The radiation dose response curve is biphasic, consistent with the principal of hormesis where low concentrations of a potential toxin stimulate rather than overburden cellular repair mechanisms [78]. Defining the low- versus high-dose threshold for anti-inflammatory activity, anti-amyloidogenic APP processing, and neurotrophic stimulatory potential of RT remains a high priority in preclinical and clinical studies. From the Cell Type Profiling data obtained from our 3xTg-AD animals treated with 1 Gy X 16 fractions over 2 months, we observe that RT exhibits the strongest effects on microglia which have well-established roles in modulating amyloid deposition and clearance [70, 79, 80]. Data from Marples et al. using hemibrain irradiation (2 Gy X 10 daily fractions) also demonstrates downregulation of immune-related microglia targets Iba1, Mip-2, and Inf-γ [22]. This suggests that hemibrain RT can be effective through localized downregulation of the microglial immune response. Such an anti-inflammatory effect from localized brain RT holds clinical promise, especially considering the potential of low-dose synergy when combined with a cogntive enhancing or disease modifying small molecule.

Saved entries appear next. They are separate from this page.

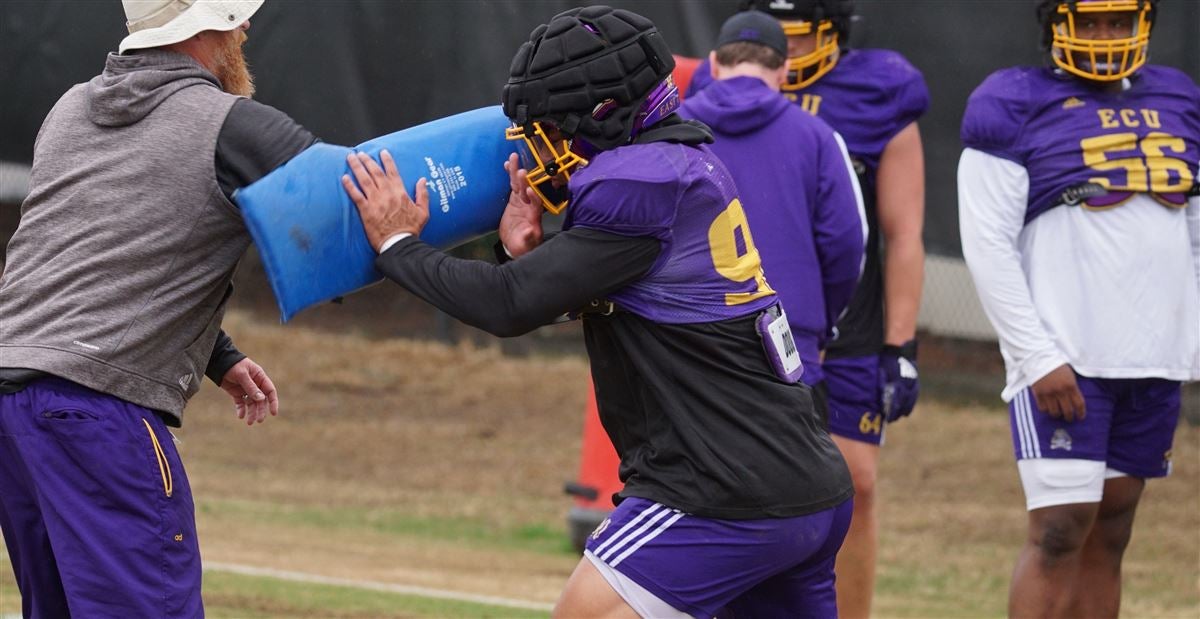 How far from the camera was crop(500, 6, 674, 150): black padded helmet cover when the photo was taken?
11.2 feet

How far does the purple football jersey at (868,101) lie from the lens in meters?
5.68

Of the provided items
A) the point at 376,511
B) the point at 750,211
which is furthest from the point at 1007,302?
the point at 376,511

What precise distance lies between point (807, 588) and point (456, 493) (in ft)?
23.7

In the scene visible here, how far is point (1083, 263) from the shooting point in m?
5.34

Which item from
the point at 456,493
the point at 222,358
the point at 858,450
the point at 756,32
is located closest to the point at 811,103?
the point at 756,32

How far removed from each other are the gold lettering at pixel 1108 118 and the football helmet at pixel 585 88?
7.61ft

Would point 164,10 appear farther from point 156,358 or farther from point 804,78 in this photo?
point 804,78

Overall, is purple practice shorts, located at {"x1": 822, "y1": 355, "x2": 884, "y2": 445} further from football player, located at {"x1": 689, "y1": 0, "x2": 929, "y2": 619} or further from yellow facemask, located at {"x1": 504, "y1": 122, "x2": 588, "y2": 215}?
yellow facemask, located at {"x1": 504, "y1": 122, "x2": 588, "y2": 215}

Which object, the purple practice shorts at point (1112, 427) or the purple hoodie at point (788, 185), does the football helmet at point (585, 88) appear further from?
the purple practice shorts at point (1112, 427)

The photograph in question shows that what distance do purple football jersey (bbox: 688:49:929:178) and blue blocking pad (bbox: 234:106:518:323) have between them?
2.13 metres

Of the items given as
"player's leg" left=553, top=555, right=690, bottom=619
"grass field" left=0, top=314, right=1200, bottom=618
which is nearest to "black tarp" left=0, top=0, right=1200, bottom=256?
"grass field" left=0, top=314, right=1200, bottom=618

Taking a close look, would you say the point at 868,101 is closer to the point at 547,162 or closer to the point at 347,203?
the point at 547,162

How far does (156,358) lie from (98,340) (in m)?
0.14

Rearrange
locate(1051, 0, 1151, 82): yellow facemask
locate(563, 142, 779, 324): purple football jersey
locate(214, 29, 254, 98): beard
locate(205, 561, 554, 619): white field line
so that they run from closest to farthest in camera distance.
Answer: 1. locate(563, 142, 779, 324): purple football jersey
2. locate(214, 29, 254, 98): beard
3. locate(1051, 0, 1151, 82): yellow facemask
4. locate(205, 561, 554, 619): white field line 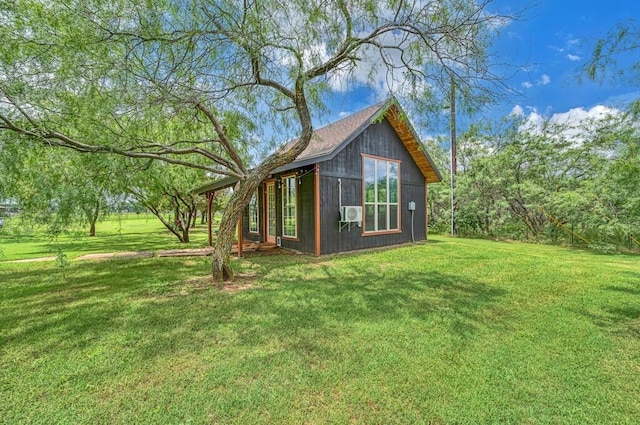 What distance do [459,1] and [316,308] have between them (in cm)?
504

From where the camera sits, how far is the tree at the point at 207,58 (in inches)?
159

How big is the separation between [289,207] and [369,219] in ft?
8.77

Notably, we did not notice behavioral side effects due to any of the low-dose treatments when assessing locomotion and survival. RGFP966 was non-toxic to murine microglial cells up to 10 μM compared to M344 and quisinostat which are both pan-HDACi that have been investigated for their potential to improve cognition or cross the BBB, respectively (Fig. S1H). This could be due to the selectivity for HDAC3 over other class I and IIb HDACs or possibly the class of the HDACi tested (e.g., benzamide vs hydroxamic acid-derived) [81, 82]. Pan-HDAC inhibition is generally toxic, inducing various cytopenias, and is the cause for continued isoform-specific investigation of HDACs in neurodegenerative diseases [83]. Additionally, RGFP966 has a relatively short half-life in the brain with penetrance peaking 15–30 min after administration and declining quickly over the next 2 h [84]. Similar to our previous work with M344 in 3xTg-AD mice, we and others propose that this short “pulse” effect in the brain may be enough to obtain therapeutic benefits while possibly avoiding side effects [8, 85]. The work presented here supports combining distinct but complementary anti-AD approaches to maximize therapeutic benefit while minimizing side effects that often accompany small molecule and radiation therapies, a cognitive and molecular “goldilocks effect.” Indeed, combination therapies have successfully become standard of care in many other disease contexts, especially chronic diseases of aging with multiple pathologies and polygenic risk contributors [86,87,88].

Conclusions

Taken together, the data presented here support 3 main findings: (1) low-dose HDAC3i and radiotherapy have both unique and synergistic anti-inflammatory effects on microglia in vitro, (2) LDCT induces a unique anti-AD gene expression profile in vivo that includes downregulation of microglial genes and upregulation of neurotrophic genes, and (3) RT and LDCT improve memory in aged 3xTg-AD mice. Physical and pharmacological combination therapies are underexplored in AD, yet it is evident that patients diagnosed with AD and other multifactorial chronic diseases of aging may benefit from a multipronged approach.